Gdy Aleksander Łukaszenko po raz szósty „wygrał" wybory 9 sierpnia z ponad 80 proc. poparciem, brutalnie spacyfikował pokojowe protesty (wciąż trwają), zapełnił przeciwnikami więzienia, ale mimo to otrzymał gratulacje z Kremla, poparcie dla sojuszu z Rosją we wrześniu zmniejszyło się już do 51 proc.
Przeczytaj także: Protesty dzielą białoruskich sportowców
Z przeprowadzonego zaś na początku listopada sondażu Białoruskiego Warsztatu Analitycznego (BAM) wynika, że już zaledwie 40 proc. Białorusinów opowiada się za sojuszem z Rosją. W niedzielę wieczorem dane te pierwszy opublikował wpływowy rosyjski dziennik „Kommiersant". Wynika z nich też, że na tle pogarszającego się wizerunku Rosji na Białorusi rośnie grono zwolenników integracji z Unią Europejską, w ciągu nieco ponad miesiąca liczba Białorusinów deklarujących proeuropejskie nastroje wzrosła z 24 do 32 proc. To całkiem sporo jak na kraj, w którym od ponad ćwierćwiecza rządzi chyba najbardziej prorosyjski przywódca ze wszystkich państw byłego ZSRR.

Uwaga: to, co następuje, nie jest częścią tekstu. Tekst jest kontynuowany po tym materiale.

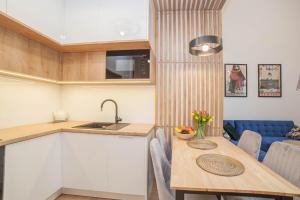 a kitchen and dining room with a table and a couch at Mrągowo dwupoziomowy Apartament Indygo 85m2 z widokiem na jezioro in Mrągowo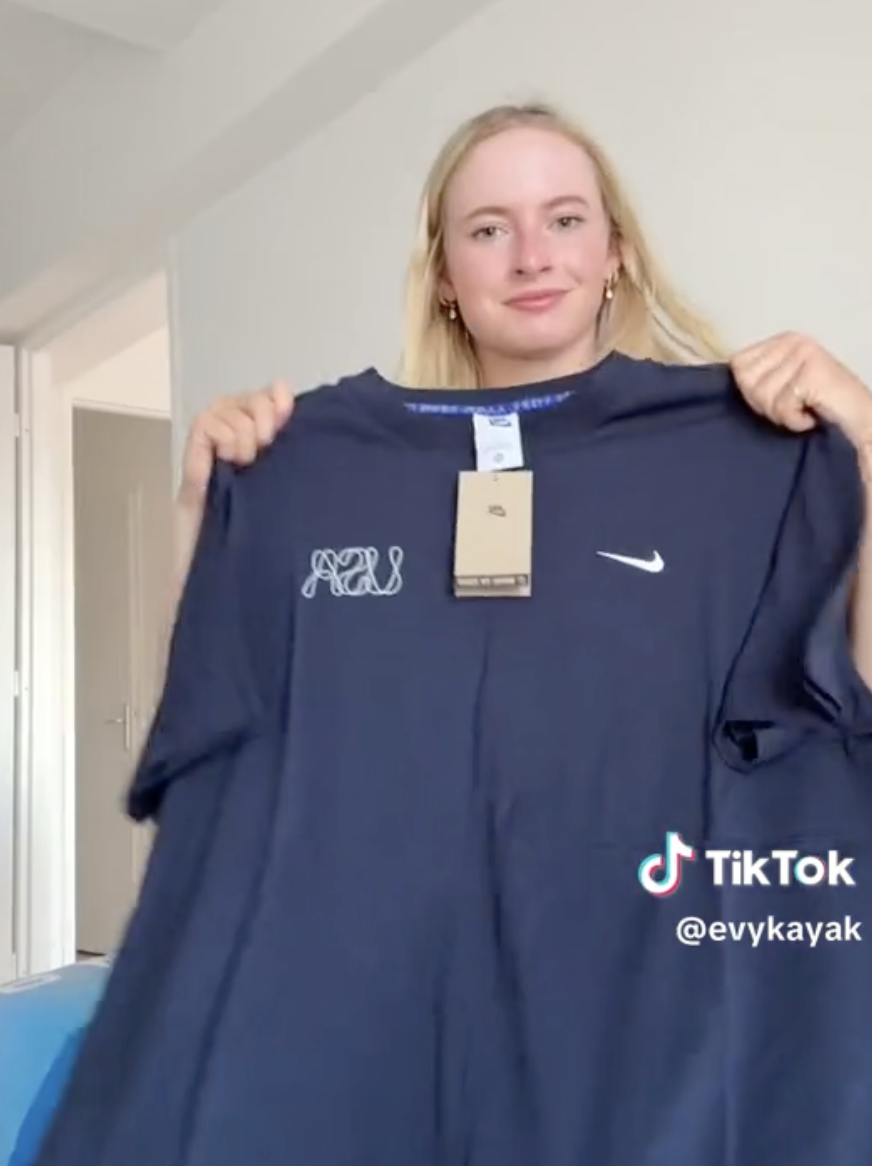 Evy Kayak holds up a large Nike t-shirt with a smile, in a TikTok video
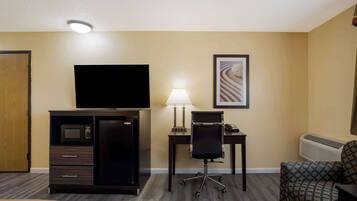 A hotel room with a flat-screen TV, a desk with a lamp, a chair, a patterned sofa, a minibar, and a door.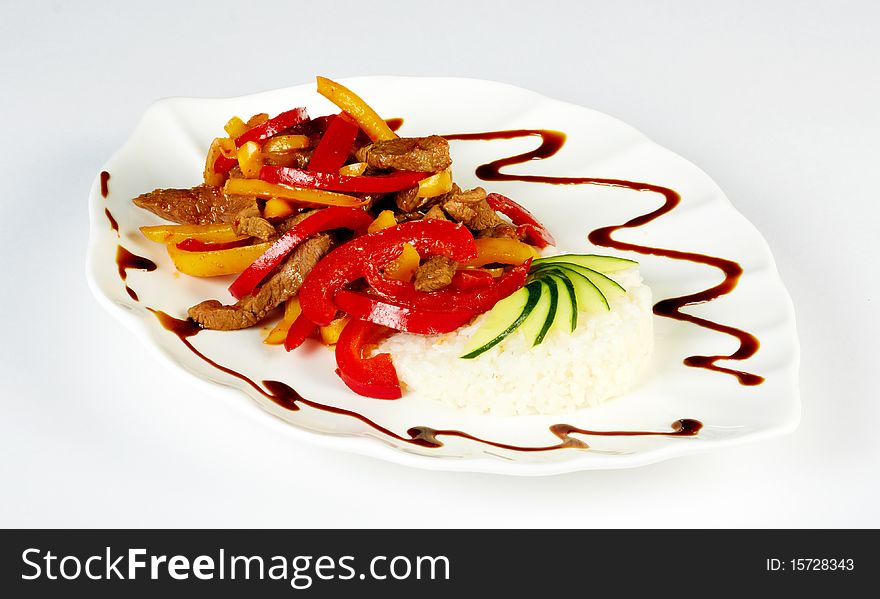 Grilled meat pieces with paprica and rice garnish isolated on a white plate. Grilled meat pieces with paprica and rice garnish isolated on a white plate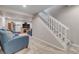 Finished basement area with cozy seating, entertainment center, and stairs leading to the upper level at 13323 Birch Cir, Thornton, CO 80241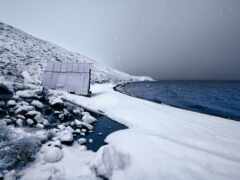 снежная сцена маленькой хижины на скалистом берегу с водоемом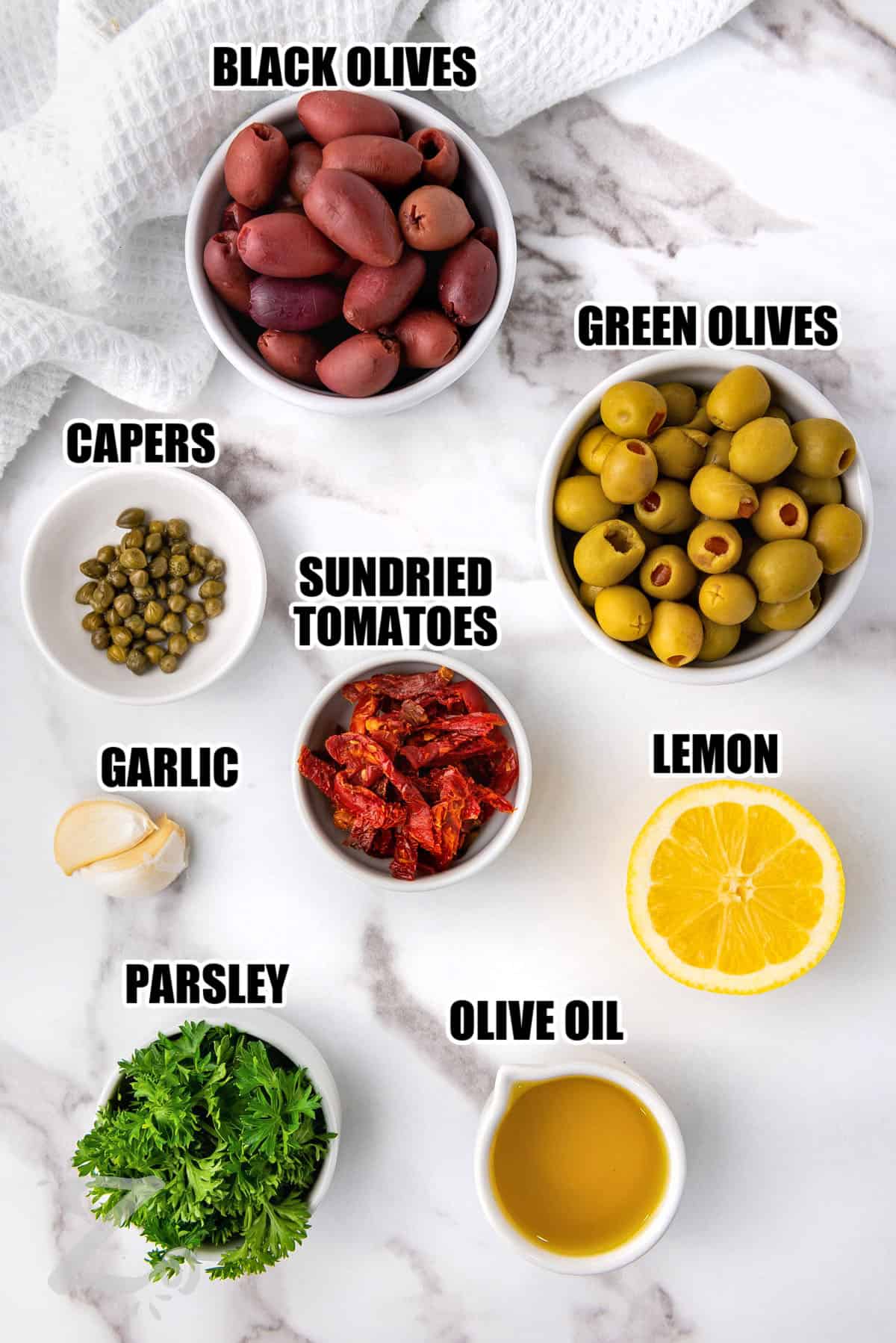 ingredients to make Olive Tapenade including black olives, green olives, capers, sundried tomatoes, lemon, garlic, parsley, olive oil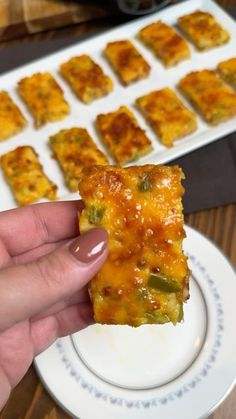 a person holding up a piece of food on a plate with other foods in the background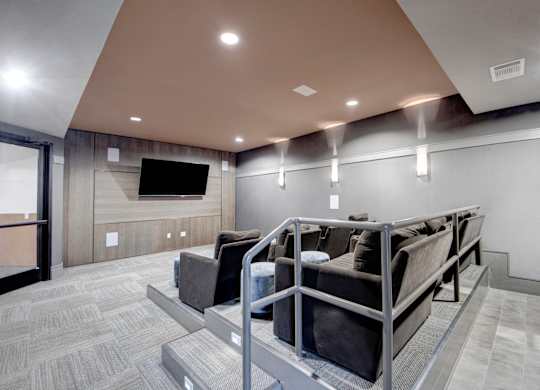 A media room here at Sorrel Fairview with tiered theater seating, dark gray lounge chairs, wall-mounted TV, wood accent wall, and soft recessed lighting for a cozy viewing space.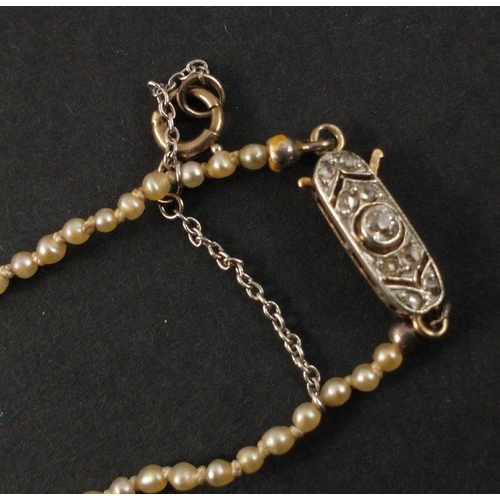 50A - A pretty VINTAGE c1930's graduating seed pearl and diamond centred (tested) clasp necklace, the clas... 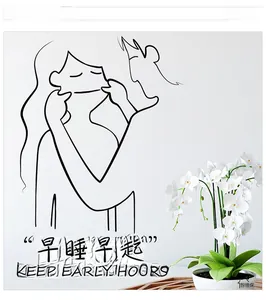 Detail of minimalist wall decal featuring black illustration and Keep Early Hours text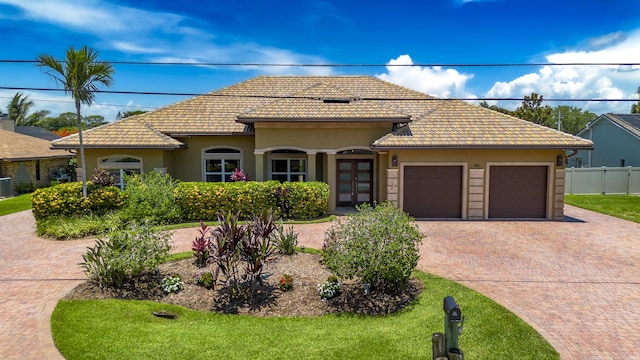 401 SE Verada Ave, Port Saint Lucie, FL 34983 - mediterranean / spanish house with french doors, a garage, decorative driveway, stucco siding, and a tile roof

– Rosja traci w oczach Białorusinów, ponieważ władze w Moskwie wspierają Łukaszenkę i nie reagują w odpowiedni sposób na te brutalne represje, których od ponad trzech miesięcy doświadczają Białorusini. Wpływ na to miała też narracja rosyjskich mediów państwowych, które opowiadają się po stronie reżimu w Mińsku – mówi „Rzeczpospolitej" prof. Andrej Wardamacki, znany białoruski socjolog i szef BAM.